=== INSTRUCTIONS TO FOLLOW ===
The full set of lines below has to be duplicated exactly, with no picture kept.

Start of RECORD EXTRACTS

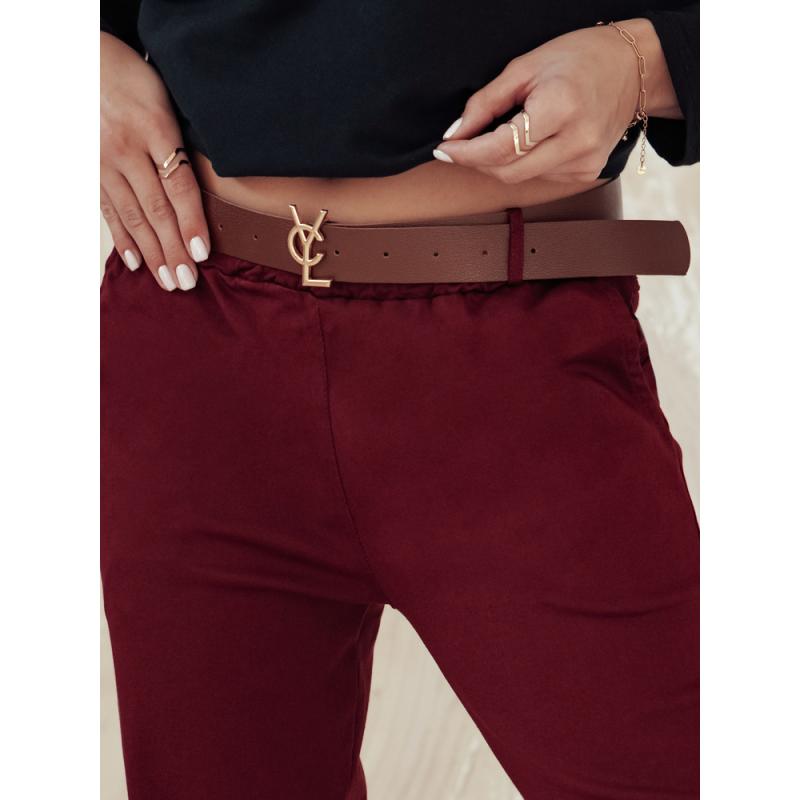 Női túlméretes nadrág ELEGANTENO övvel bordó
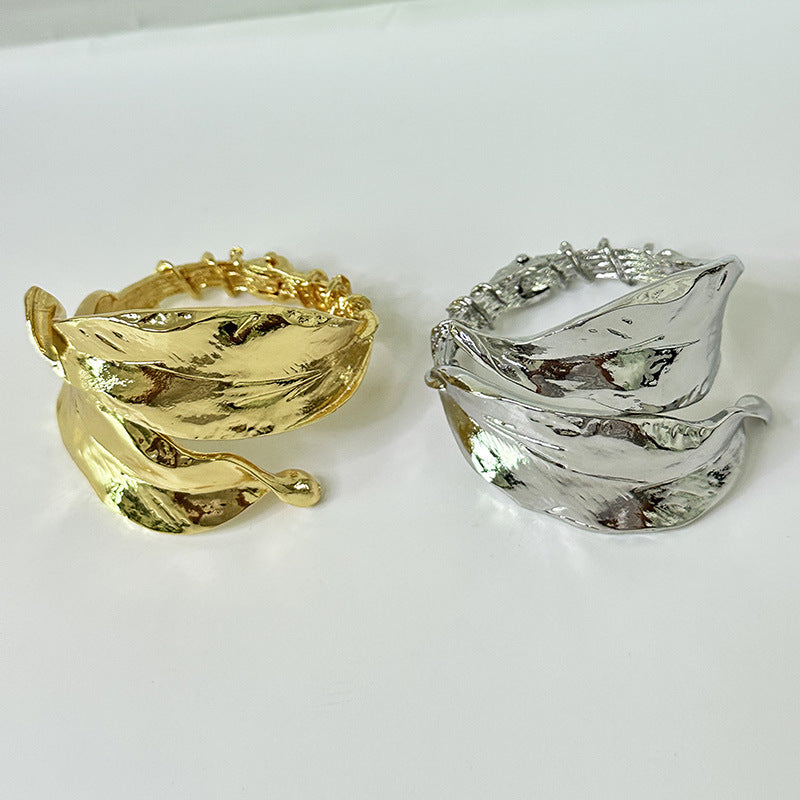 Niche Design Thorns Winding Metal Leaf Shape Open-ended Bracelet - Norellé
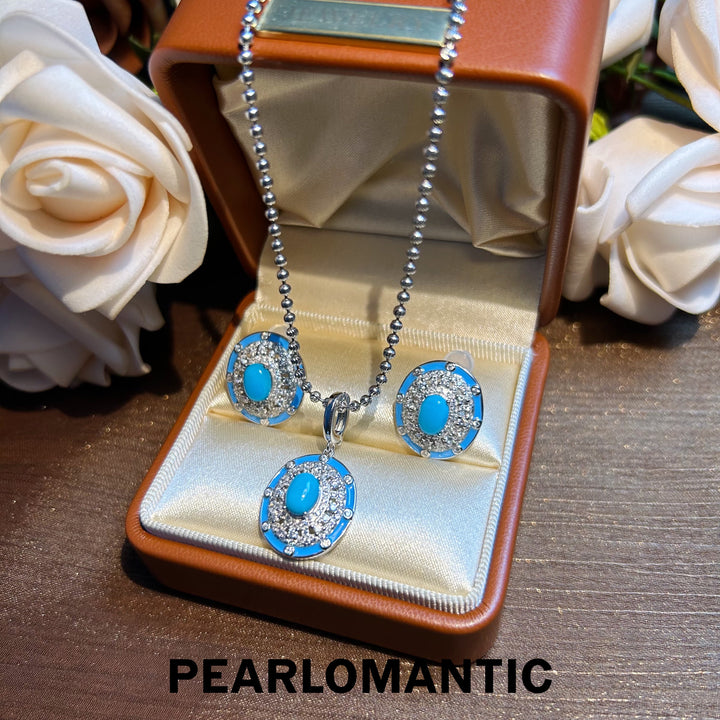[Designer's Choice] Sleeping Beauty Turquoise Dazzling Halo Sparkle Pendants, Earrings, Set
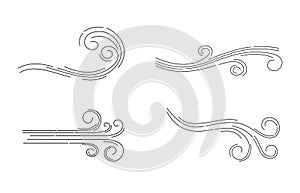 Air wind blows illustration set vector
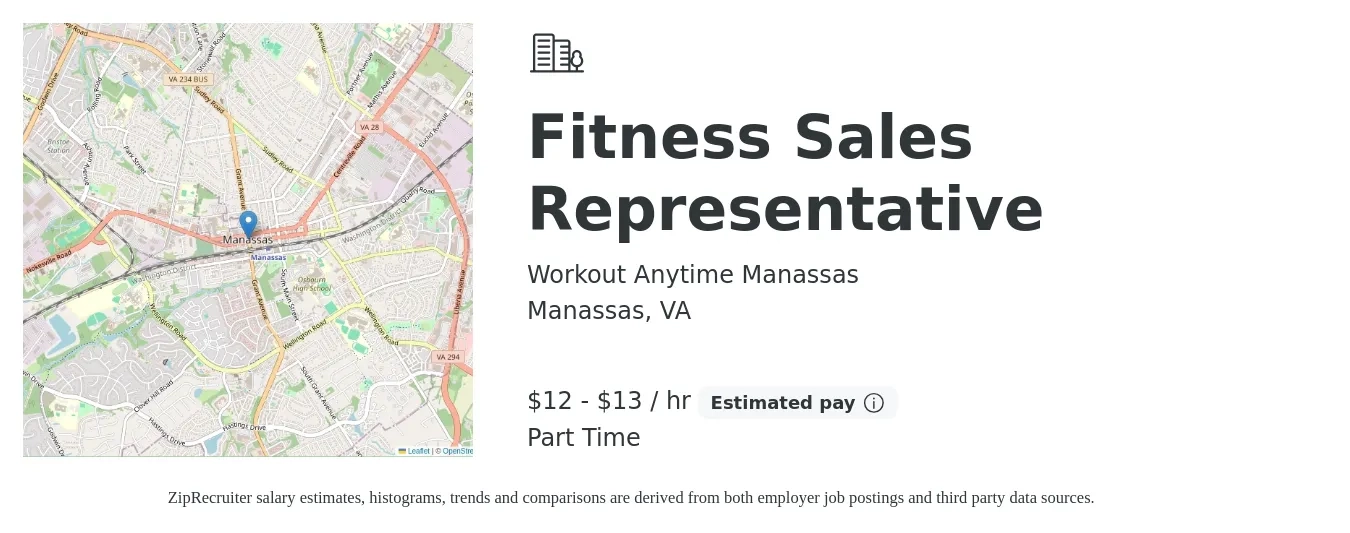 Workout Anytime - Manassas job posting for a Fitness Sales Representative in Manassas, VA with a salary of $12 to $14 Hourly with a map of Manassas location.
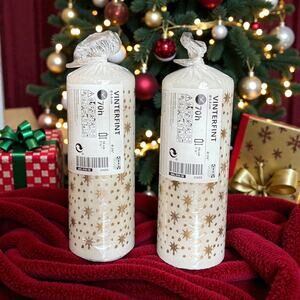 IKEA VINTERFINT Unscented White & Gold Tall Pillar Candle (Set of 2)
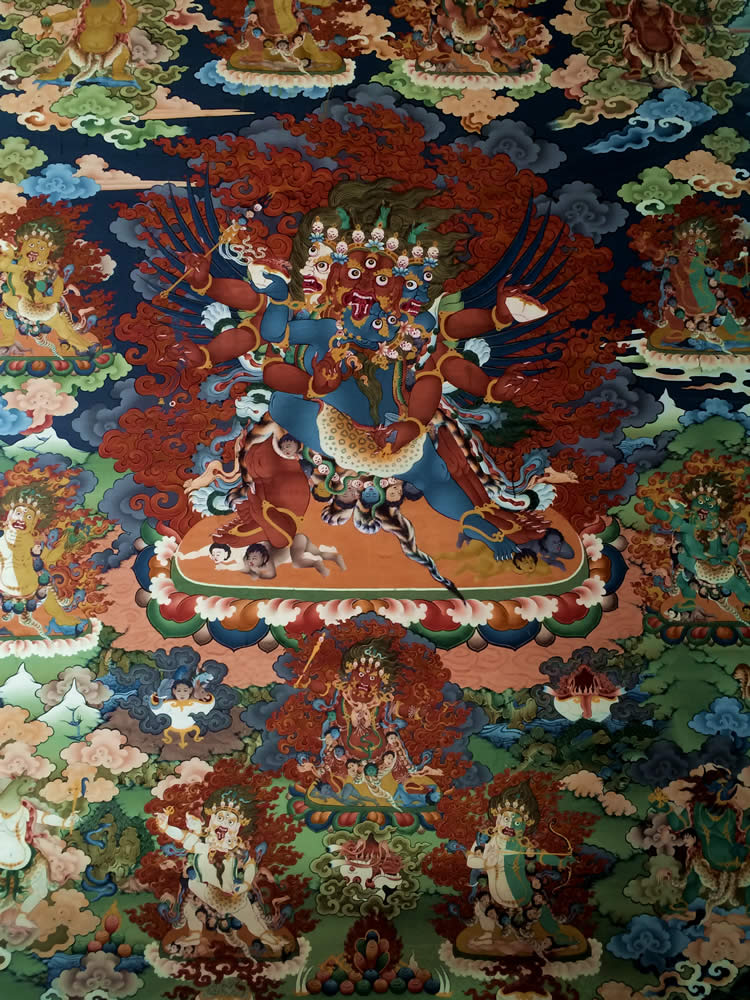 Vajrakilaya mural in the new Konchogsum Lhakhang.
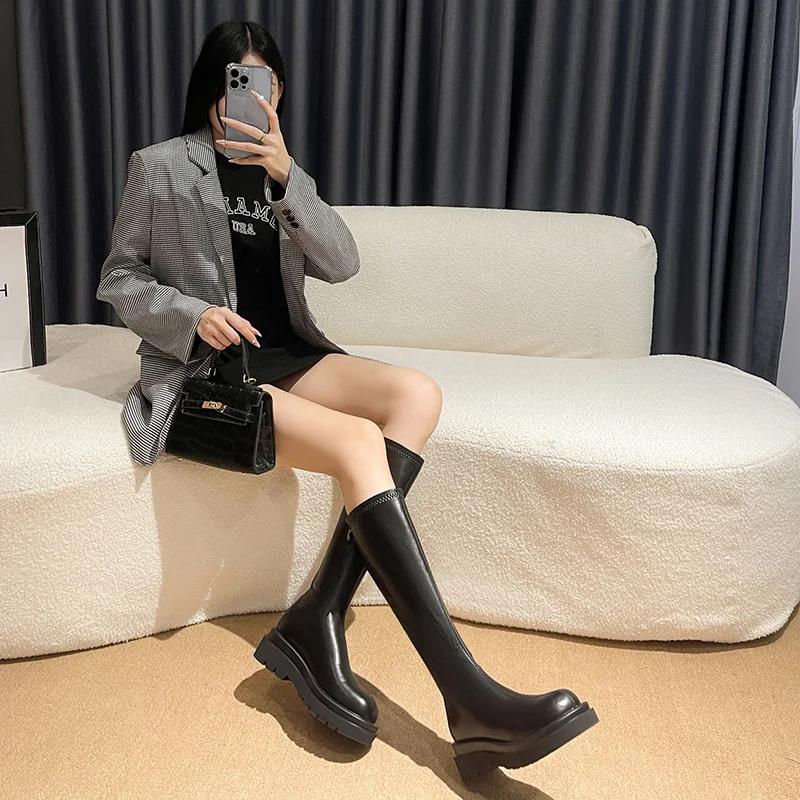 Fashion Platform Heel Women Knee-High Boots Fashion Comfort Warm Fur Shoes Autumn Winter Women's Knight Long Booties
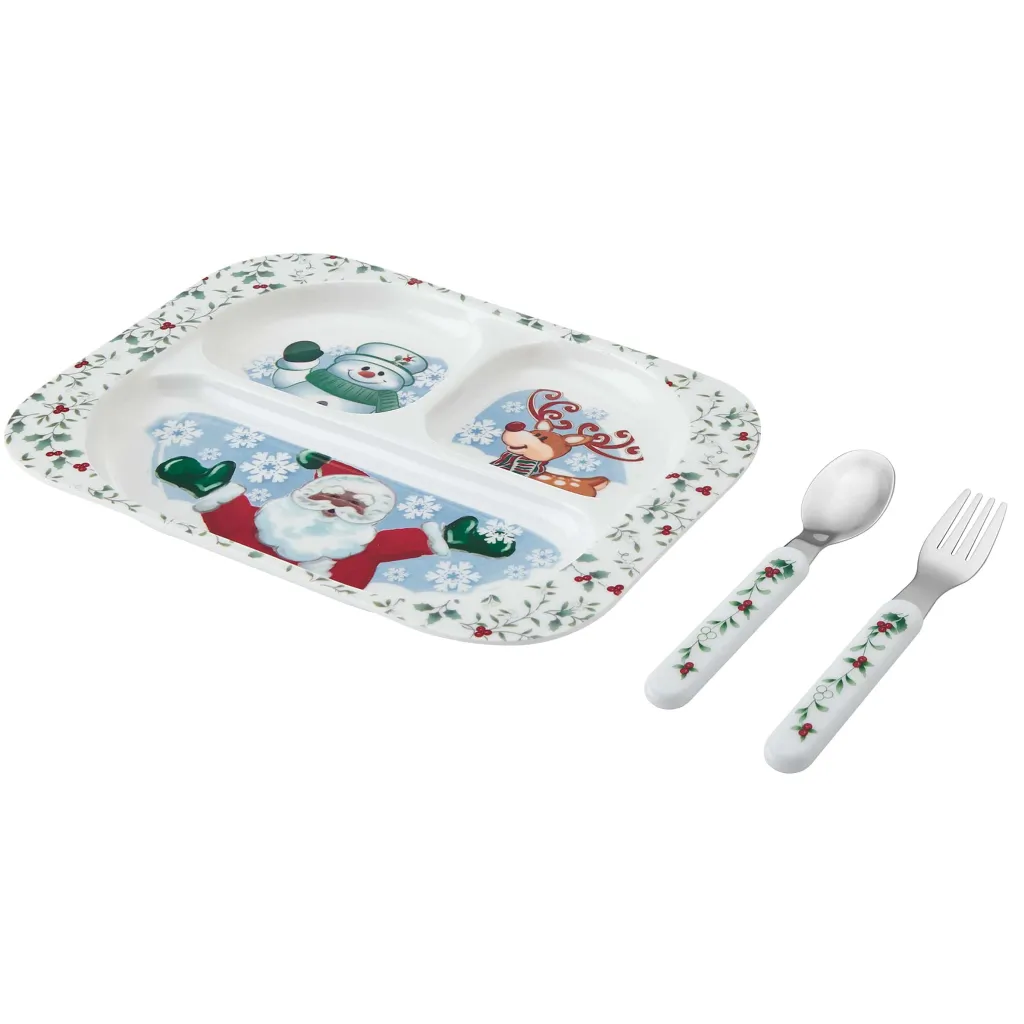 Dinner Plates|Pfaltzgraff® Winterberry® 3 Piece African American Jolly Santa Children's Set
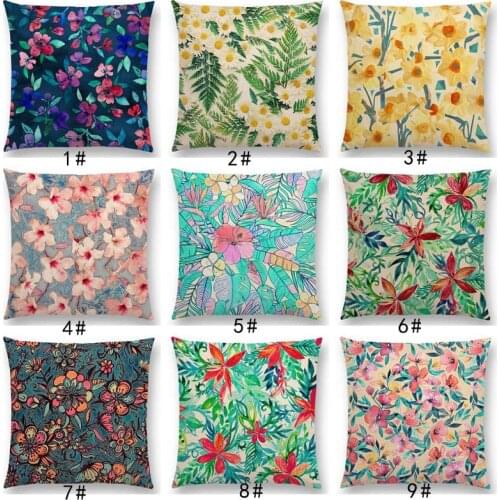 New Colourful Leaves Little Flowers Beautiful Floral Paints Gorgeous Blossom Pattern Car Cushion Cover Sofa Throw Pillow Case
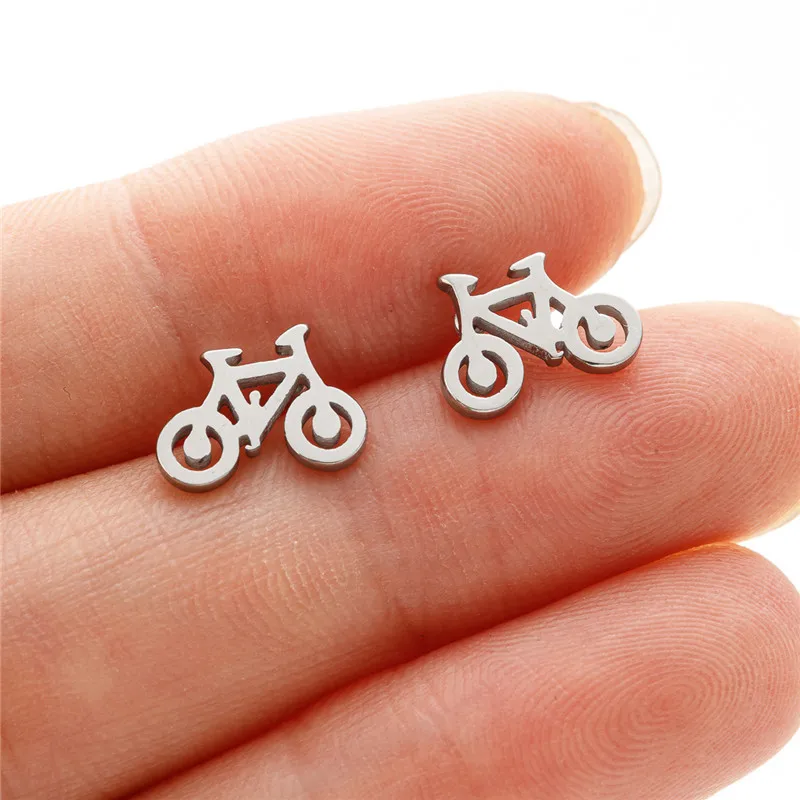SMJEL Winzige Fahrrad-Ohrringe für coole Mädchen, modische Fitness-Sport-Ohrringe, Edelstahl, Ohrpiercing-Schmuck, Punk-Geschenke – Detail 9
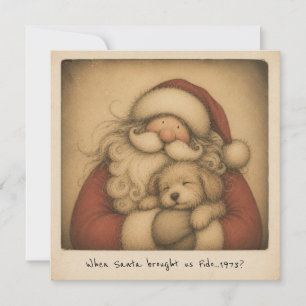 Nostalgischer Weihnachtsmann mit Welpen Retro-Foto Karte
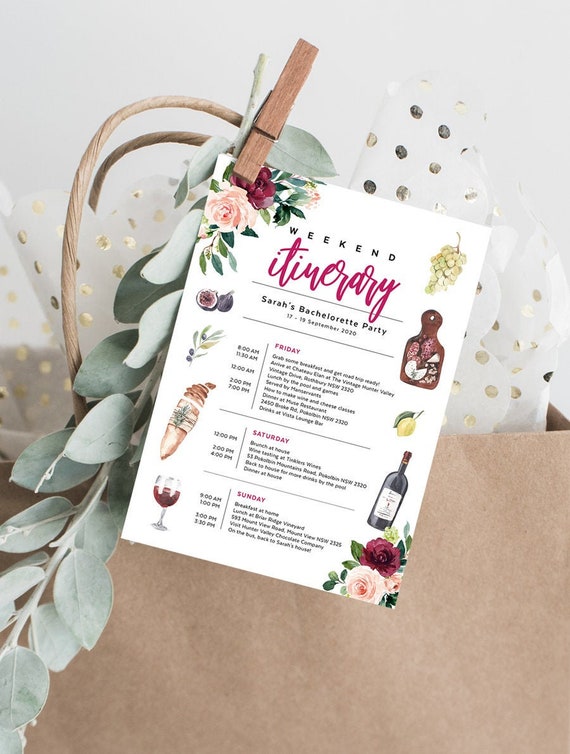 Bachelorette Itinerary Template Wine Tasting Weekend Etsy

End of RECORD EXTRACTS

=== COMPLETED TASK ===
 Női túlméretes nadrág ELEGANTENO övvel bordó
 Niche Design Thorns Winding Metal Leaf Shape Open-ended Bracelet - Norellé
[Designer's Choice] Sleeping Beauty Turquoise Dazzling Halo Sparkle Pendants, Earrings, Set
 Air wind blows illustration set vector
 Workout Anytime - Manassas job posting for a Fitness Sales Representative in Manassas, VA with a salary of $12 to $14 Hourly with a map of Manassas location.
 IKEA VINTERFINT Unscented White & Gold Tall Pillar Candle (Set of 2)
 Vajrakilaya mural in the new Konchogsum Lhakhang.
 Fashion Platform Heel Women Knee-High Boots Fashion Comfort Warm Fur Shoes Autumn Winter Women's Knight Long Booties
 Dinner Plates|Pfaltzgraff® Winterberry® 3 Piece African American Jolly Santa Children's Set
 New Colourful Leaves Little Flowers Beautiful Floral Paints Gorgeous Blossom Pattern Car Cushion Cover Sofa Throw Pillow Case
SMJEL Winzige Fahrrad-Ohrringe für coole Mädchen, modische Fitness-Sport-Ohrringe, Edelstahl, Ohrpiercing-Schmuck, Punk-Geschenke – Detail 9
 Nostalgischer Weihnachtsmann mit Welpen Retro-Foto Karte
 Bachelorette Itinerary Template Wine Tasting Weekend Etsy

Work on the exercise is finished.